Tuesday, April 20, 2010

Tradition, Priesthood and Progress

No human being can stop time. It flows. Change is inevitable. To live is to change, as Cardinal Newman wrote, and yet the very same Catholics who value Newman so much, seem to want to prevent change, in a way, to stop the flow of time. Such actions create such horrible tension. It would be as if I would spend psychic energy trying to prevent my own body and mind from changing in time. It would be as if I would try to spend my own psychic energy trying to prevent my mind from growing in wisdom. Such a condition is not a condition of joy—the condition Jesus wants to spread-- it is a condition of terrible inner and outer conflict.

“Tradition is important.” I have heard time and time again. True, it is important. My very thoughts were developed within the context of a tradition—my parents and teachers taught me language, but the language that they taught me forty years ago did not include terms like internet, globalization, inter-religious, or historical consciousness. I learned those terms as time went on. There was no Platonic dictionary that my teachers dispensed these terms from, some vault of knowledge that some intellectual class agreed to open from time to time. There is the evolving universe, that human beings are helping to construct, and aspects of the evolving universe, being partially constructed by human beings, are given names by human beings. And so the internet and the reality of the internet.

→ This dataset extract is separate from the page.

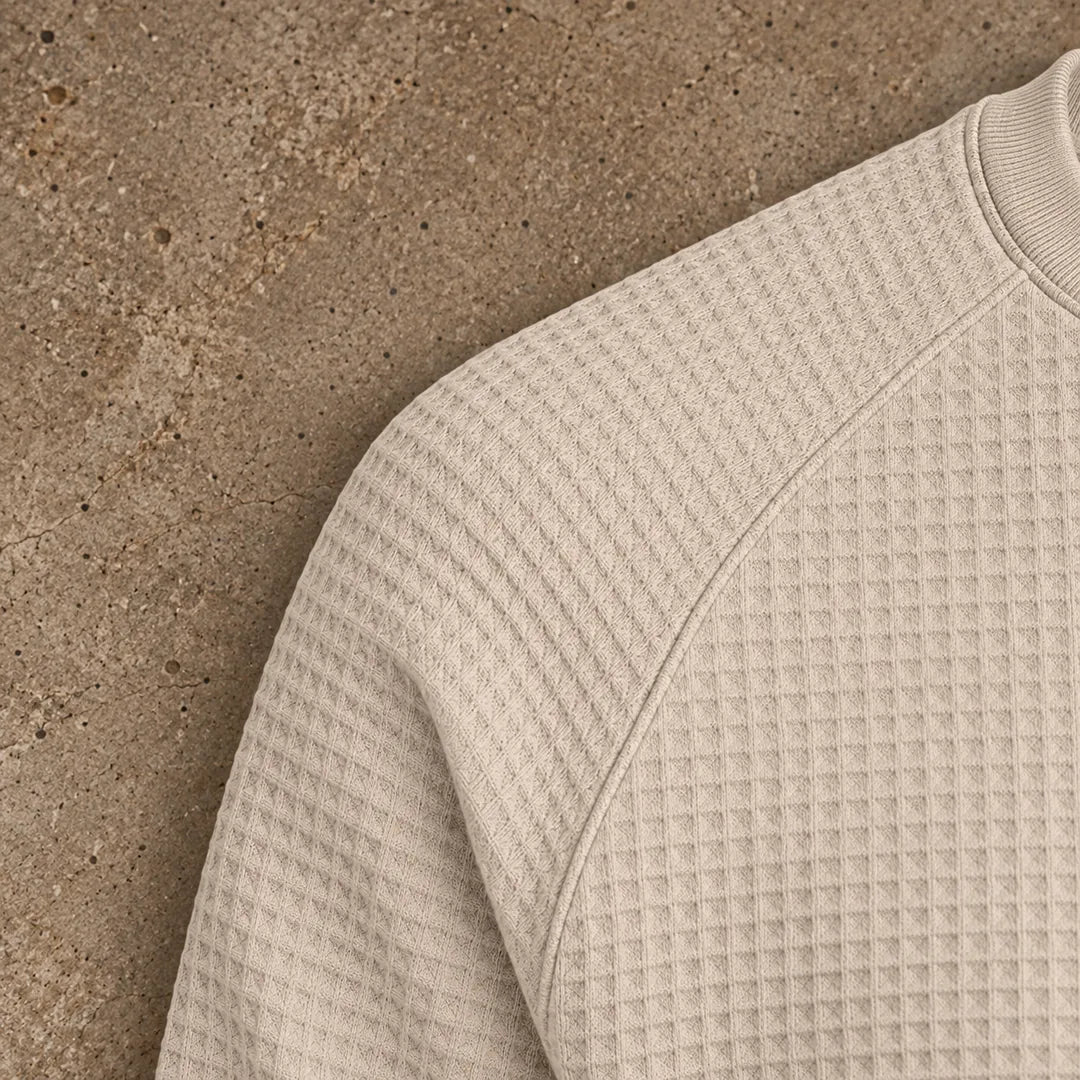 Waffle Knit Raglan Sweatshirt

One of the names given and one of the human realities named is “tradition.” I have been taught within the Catholic tradition, a dynamic tradition. I inherited vocabulary from others older than I am and now that I am forty two there are younger teachers who teach me as well. What I have learned about the Catholic tradition is that it evolved. The institution and the sacrament of the priesthood developed in time. There were no ordinations made by the Apostles. The Catholic Church constructed ordination and priesthood. Does that mean that these constructions are inauthentic? No, most definitely, they are authentic, but we must examine the claim that the Spirit of Christ is not encouraging ordination and priesthood to evolve even further. Currently, the Church is in crisis because our current understanding of the priesthood is not giving life. Priests have been protected, images have been protected, and children have been harmed. We are now becoming aware that this is an international problem. What we learn from this situation and how we change because of it will determine much. It is difficult to change. It might seem scary to some, but we are a people who meet change with faith in Christ.

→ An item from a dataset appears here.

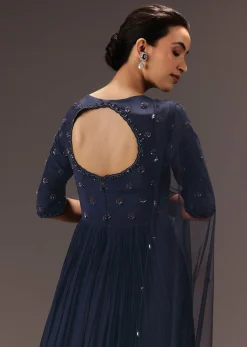 Navy Blue Hand Embroidered Anarkali Suit With Dupatta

We must have faith in God and in the evolving universe, to paraphrase Pierre Teilhard de Chardin. Does that mean that we shake off our traditions? No. It means that we let them evolve and help them evolve—authentically. Any tradition that does not evolve is not a living tradition and will then become a dying prison cell in which people live by rote.

We all live and to live is to change. We all change. To be wise is to learn from the evolving nature of our own minds and bodies. To be wise is to discern between authentic change, change motivated by love, by positive energy, and change motivated by selfish grasping or anxiety. The true traditions, the traditions that live and give life, that nurture, are the traditions that change in positive ways. Let’s pass that tradition of positive change on to the next generation of Catholics by living our living tradition. It is time for some changes in the way we understand priesthood.